Data records
==================================================
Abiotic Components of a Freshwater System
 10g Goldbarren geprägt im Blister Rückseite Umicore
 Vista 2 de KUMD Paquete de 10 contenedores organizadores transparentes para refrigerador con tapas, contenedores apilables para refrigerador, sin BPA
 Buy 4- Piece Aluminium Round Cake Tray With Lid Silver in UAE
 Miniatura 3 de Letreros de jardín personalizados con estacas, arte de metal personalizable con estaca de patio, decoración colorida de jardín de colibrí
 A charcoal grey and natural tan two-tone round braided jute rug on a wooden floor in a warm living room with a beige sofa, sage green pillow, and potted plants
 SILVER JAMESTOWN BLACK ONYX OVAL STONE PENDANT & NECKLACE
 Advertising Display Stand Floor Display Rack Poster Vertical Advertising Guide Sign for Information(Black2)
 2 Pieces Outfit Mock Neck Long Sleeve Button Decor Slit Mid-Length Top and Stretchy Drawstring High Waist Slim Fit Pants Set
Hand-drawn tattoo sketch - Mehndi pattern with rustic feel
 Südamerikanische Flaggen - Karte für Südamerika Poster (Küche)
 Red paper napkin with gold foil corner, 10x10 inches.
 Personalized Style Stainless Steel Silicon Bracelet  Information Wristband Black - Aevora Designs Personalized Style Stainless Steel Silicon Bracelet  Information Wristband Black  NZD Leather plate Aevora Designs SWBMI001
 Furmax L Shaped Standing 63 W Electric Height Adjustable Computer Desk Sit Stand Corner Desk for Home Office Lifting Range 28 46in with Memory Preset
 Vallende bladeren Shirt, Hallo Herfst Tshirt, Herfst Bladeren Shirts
==================================================
### YOUR GOAL:
Please copy, exactly and with nothing else, the lines above beginning at the line that has "Buy 4- Piece" and ending with the line that has "Aevora Designs SWBMI001".

### REPLY:
 Buy 4- Piece Aluminium Round Cake Tray With Lid Silver in UAE
 Miniatura 3 de Letreros de jardín personalizados con estacas, arte de metal personalizable con estaca de patio, decoración colorida de jardín de colibrí
 A charcoal grey and natural tan two-tone round braided jute rug on a wooden floor in a warm living room with a beige sofa, sage green pillow, and potted plants
 SILVER JAMESTOWN BLACK ONYX OVAL STONE PENDANT & NECKLACE
 Advertising Display Stand Floor Display Rack Poster Vertical Advertising Guide Sign for Information(Black2)
 2 Pieces Outfit Mock Neck Long Sleeve Button Decor Slit Mid-Length Top and Stretchy Drawstring High Waist Slim Fit Pants Set
Hand-drawn tattoo sketch - Mehndi pattern with rustic feel
 Südamerikanische Flaggen - Karte für Südamerika Poster (Küche)
 Red paper napkin with gold foil corner, 10x10 inches.
 Personalized Style Stainless Steel Silicon Bracelet  Information Wristband Black - Aevora Designs Personalized Style Stainless Steel Silicon Bracelet  Information Wristband Black  NZD Leather plate Aevora Designs SWBMI001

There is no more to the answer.